On the plasmids, most of the non-covered positions of HERB_1937_Xci were localized in four regions coding for TALE proteins (Fig 4 and S2 Table). These peculiar T3Es are responsible for the development of canker symptoms on citrus [47]; as our samples harbored such symptoms, we expected to find homologs in HERB_1937_Xci. Xci injects these TALE into the plant cell, activating the host’s transcriptional machinery to its benefit [48,49]. Tale genes encode for transcription activator-like proteins containing an N-terminal domain responsible for translocation from the bacterium to the plant cell, a C-terminal domain containing nuclear localization signals and a eukaryotic transcription activation domain, flanking tandem repeats of 33–34 conserved amino acids (S1 Fig). These repeats are highly homologous except for two amino-acid residues (called Repeat Variable Di-residues: RVD) responsible for DNA-binding specificity. We hypothesized that reads corresponding to tale genes were initially not mapped due to their particular structure and multicopy nature. Hence, we realized specific alignments using the sequences coding for either the N-terminal domain, the C-terminal domain and the repeat domain (reduced to a three-repeat string) of tale gene pthA4 as three independent references to test for the presence of tale sequences in HERB_1937_Xci. Almost 6,000 newly mapped reads corresponding to the tale gene were recovered (S1 Fig), with a mean depth of 44X for both 5’ and 3’ ends, about two times the mean depth of plasmid sequences outside tale gene positions (~23X). Moreover, two loci on the 5’ end sequence were biallelic, presenting either T or C bases with a T/C ratio of 43/57 and 35/65, respectively. One of these loci translated into a conservative amino-acid substitution, found elsewhere in TALEs of proteic databases. Taken together, these results suggest the existence of two to four different 5’ end sequences of tale genes, and therefore as many tale genes, in HERB_1937_Xci historical genome. Finally, among the remaining reads corresponding to the central repeat domain, we identified eight patterns of nucleotides coding for the RVD (S4 Table). Interestingly, although the most prevalent are found in modern Xci tale genes in similar proportions [50], three RVDs are unreported in modern TALE.
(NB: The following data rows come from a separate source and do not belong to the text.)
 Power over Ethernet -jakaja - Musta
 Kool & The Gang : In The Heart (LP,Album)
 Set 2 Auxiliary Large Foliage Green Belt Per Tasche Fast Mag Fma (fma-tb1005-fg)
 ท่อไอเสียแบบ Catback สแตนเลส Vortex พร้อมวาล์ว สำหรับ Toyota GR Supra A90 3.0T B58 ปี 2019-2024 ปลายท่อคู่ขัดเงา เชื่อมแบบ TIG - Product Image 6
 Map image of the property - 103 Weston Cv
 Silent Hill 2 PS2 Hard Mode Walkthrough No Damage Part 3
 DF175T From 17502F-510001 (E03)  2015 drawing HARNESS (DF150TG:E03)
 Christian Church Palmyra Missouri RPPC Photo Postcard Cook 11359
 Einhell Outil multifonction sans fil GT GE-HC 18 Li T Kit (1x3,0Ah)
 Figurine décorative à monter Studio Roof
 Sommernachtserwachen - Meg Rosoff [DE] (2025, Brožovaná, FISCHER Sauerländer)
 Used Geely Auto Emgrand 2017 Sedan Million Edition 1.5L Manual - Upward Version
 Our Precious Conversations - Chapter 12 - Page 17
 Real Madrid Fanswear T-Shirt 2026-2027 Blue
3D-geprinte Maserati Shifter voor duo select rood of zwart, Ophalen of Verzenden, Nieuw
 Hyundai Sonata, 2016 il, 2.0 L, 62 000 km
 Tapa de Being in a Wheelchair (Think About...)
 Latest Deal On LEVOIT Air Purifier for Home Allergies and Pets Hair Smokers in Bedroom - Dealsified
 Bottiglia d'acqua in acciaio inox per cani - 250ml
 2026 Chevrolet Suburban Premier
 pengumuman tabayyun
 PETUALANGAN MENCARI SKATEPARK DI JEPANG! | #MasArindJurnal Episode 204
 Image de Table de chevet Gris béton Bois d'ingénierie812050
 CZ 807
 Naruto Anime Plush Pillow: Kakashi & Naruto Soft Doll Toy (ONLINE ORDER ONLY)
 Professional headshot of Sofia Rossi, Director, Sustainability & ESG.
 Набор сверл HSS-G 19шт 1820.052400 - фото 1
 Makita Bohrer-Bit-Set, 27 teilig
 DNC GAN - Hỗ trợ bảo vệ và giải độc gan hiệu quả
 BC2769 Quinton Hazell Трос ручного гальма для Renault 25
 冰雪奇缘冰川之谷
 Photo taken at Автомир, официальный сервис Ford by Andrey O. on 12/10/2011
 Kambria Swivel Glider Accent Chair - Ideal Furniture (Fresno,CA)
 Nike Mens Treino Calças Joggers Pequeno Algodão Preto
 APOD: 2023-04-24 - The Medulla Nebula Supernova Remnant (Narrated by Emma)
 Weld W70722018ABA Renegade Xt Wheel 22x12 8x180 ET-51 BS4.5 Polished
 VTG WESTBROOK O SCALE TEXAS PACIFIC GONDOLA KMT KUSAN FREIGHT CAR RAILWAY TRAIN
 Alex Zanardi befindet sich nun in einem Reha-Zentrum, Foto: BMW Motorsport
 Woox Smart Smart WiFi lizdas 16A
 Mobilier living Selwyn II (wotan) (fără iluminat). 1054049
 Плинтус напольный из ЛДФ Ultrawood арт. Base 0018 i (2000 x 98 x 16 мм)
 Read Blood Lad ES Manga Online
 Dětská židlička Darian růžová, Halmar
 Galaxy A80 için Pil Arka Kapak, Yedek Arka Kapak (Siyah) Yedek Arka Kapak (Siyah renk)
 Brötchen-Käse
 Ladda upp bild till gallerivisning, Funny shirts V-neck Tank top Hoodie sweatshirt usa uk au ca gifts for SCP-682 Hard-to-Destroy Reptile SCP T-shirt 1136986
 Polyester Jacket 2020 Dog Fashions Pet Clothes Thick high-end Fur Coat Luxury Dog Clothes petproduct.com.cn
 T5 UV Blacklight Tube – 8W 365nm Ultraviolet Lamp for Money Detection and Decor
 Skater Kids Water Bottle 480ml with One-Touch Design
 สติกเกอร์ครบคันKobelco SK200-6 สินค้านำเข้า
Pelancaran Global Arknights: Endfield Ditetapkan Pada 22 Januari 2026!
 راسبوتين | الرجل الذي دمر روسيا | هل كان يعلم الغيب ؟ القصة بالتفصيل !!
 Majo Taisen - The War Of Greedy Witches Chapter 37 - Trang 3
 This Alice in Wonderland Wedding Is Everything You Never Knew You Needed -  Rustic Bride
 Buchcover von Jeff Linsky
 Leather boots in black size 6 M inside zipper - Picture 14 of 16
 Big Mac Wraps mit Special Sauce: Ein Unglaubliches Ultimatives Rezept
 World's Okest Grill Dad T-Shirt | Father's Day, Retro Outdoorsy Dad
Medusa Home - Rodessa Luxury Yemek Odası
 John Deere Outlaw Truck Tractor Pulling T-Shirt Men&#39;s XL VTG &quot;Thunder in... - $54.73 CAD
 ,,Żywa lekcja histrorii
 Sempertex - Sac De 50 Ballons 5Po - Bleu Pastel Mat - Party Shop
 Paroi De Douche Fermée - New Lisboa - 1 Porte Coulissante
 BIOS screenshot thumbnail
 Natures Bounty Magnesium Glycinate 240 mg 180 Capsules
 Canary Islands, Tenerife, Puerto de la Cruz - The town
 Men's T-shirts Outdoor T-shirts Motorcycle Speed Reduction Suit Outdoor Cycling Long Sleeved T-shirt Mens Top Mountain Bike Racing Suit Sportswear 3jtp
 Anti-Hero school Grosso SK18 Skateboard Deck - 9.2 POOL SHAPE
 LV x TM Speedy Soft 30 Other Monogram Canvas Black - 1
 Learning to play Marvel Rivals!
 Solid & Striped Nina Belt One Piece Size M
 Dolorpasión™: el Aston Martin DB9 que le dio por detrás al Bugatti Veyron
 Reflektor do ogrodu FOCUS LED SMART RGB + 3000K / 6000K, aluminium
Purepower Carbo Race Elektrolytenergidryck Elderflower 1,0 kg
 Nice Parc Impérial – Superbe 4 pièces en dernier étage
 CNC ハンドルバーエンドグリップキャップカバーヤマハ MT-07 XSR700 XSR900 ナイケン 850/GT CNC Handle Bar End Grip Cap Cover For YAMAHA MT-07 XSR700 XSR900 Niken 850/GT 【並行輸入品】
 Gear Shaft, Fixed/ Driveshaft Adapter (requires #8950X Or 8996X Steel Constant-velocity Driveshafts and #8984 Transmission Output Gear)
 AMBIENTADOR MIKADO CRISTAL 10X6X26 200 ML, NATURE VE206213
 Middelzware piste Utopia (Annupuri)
SNPs, phylogenetic reconstruction and tip-dating at the SWIO scale

We localized the SNPs between HERB_1937_Xci and the IAPAR 306 reference genome (Fig 4). After filtration of dubious SNPs (i.e. eliminated because of low depth, heteroplasy and/or proximity to another SNP), HERB_1937_Xci displayed 83 high-quality SNPs on its chromosome sequence, one and four in sequences corresponding to pXAC33 and pXAC64, respectively. Forty-three SNPs were non-synonymous substitutions on the chromosome reference sequence, one on pXAC33 and three on pXAC64. The SNPs found between HERB_1937_Xci and IAPAR 306 were not characterized any further; a more meaningful analysis was performed for SNPs identified between HERB_1937_Xci and its related SWIO clade.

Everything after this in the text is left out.